In the masjid of Allah I have seen intolerance, I have seen rudeness, I have seen people act plain simple stupid. And I think to myself..wake up people this is the masjid of Allah.

The Prophet was so patient. He had to teach us how to behave and we still do not have it right.

Yes, I am aware that children can be rowdy; but it is up to every member of the community to gently guide the children. One of the reasons that the communities in the US have broken down is that members stopped caring. There was a breakdown in communication. The child was no longer in the need to respect every member of the community. The community no-longer looked out for the child. Let us be responsible for our little ones.

All I am saying is it is better to have a hoard of children at the masjid. They are safe and having fun. I would rather have children at the masjid than be with non-believers. The children are our future. They will be the ones who will make dua for us when we die.

All I do now is stand with my head down and my arm pointing to the masala and the kids from 5 to 18 smile and march in when it is time to pray.

Please, let us demonstrate to our flowers how to behave. Of all the blessings I have had in life..children are the best. They add so much joy to everything. After salat the hugs and kisses are so sweet.
 

msmoorad

mommys boy
Assalaam walaikum,

I have been raised in the masjids.

What I have noticed is when the mother is not used to going to the masjid she ignores the children. The fathers ignore the child.

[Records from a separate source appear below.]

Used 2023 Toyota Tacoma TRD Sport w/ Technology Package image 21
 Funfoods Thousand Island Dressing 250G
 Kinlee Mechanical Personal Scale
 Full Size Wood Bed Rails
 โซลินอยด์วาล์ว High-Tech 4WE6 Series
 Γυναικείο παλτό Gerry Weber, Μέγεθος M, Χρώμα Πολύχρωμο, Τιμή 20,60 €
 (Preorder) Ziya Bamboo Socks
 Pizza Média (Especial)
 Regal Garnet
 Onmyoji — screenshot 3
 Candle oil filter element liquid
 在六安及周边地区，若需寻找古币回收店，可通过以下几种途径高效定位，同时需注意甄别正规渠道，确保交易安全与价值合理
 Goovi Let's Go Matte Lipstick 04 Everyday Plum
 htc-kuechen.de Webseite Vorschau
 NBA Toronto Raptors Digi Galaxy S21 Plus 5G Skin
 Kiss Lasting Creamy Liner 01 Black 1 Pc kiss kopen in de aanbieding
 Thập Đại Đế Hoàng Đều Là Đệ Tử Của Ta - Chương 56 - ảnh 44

Now..that leaves it to the rest of us to educate the child.

But none of you is reading what I have written. First of all a masjid in not a church or a synagogue. A masjid is far more tolerant.

Why are we asking children to imitate the kufr? We are to take our children as many times a day as we can...sabr...

As to the photographs: that is a healthy 100% male..no doubts about his sexuality. When a child is quiet that is when you want to make sure he is ok.

salaams to all

why is it then that when we look at other places-namely the Indo-Pak subcontinent, that children are MUCH better behaved & disciplined?

are they not healthy boys?

why is it that only in the western countries where parents, teachers etc are NOT allowed to spank their children, do the children have hardly any sense of respect either for other elders or the musjid?

im not advocating violence & i do agree with you when u say the parents of these children are not used to attending the musjid- this is one part of the problem

they are made to feel that the musjid is more a social centre & daycare facility for their children than a house of worship.

its FIRST the house of Allah -then its other things

when u say its up to the rest of us to educate the child:
you cant honestly expect us to be kind & sweet all the time to children of 8-10 who are old enough that Rasullullah (SAW) ordered that they be spanked if they dont perform their salaah?

ive seen boys of this age in the US- many of them cant stop fidgeting and giggling- like 6yr olds
this is because they have NOT been taught by their parents. at this age they should be much more serious & attentive in the musjid.

if anyone has to raise their voice & talk harshly to these children- they will complain to their parents who will come running but the same parents are blindly oblivious to their childrens behaviour- they find it cute & sweet instead.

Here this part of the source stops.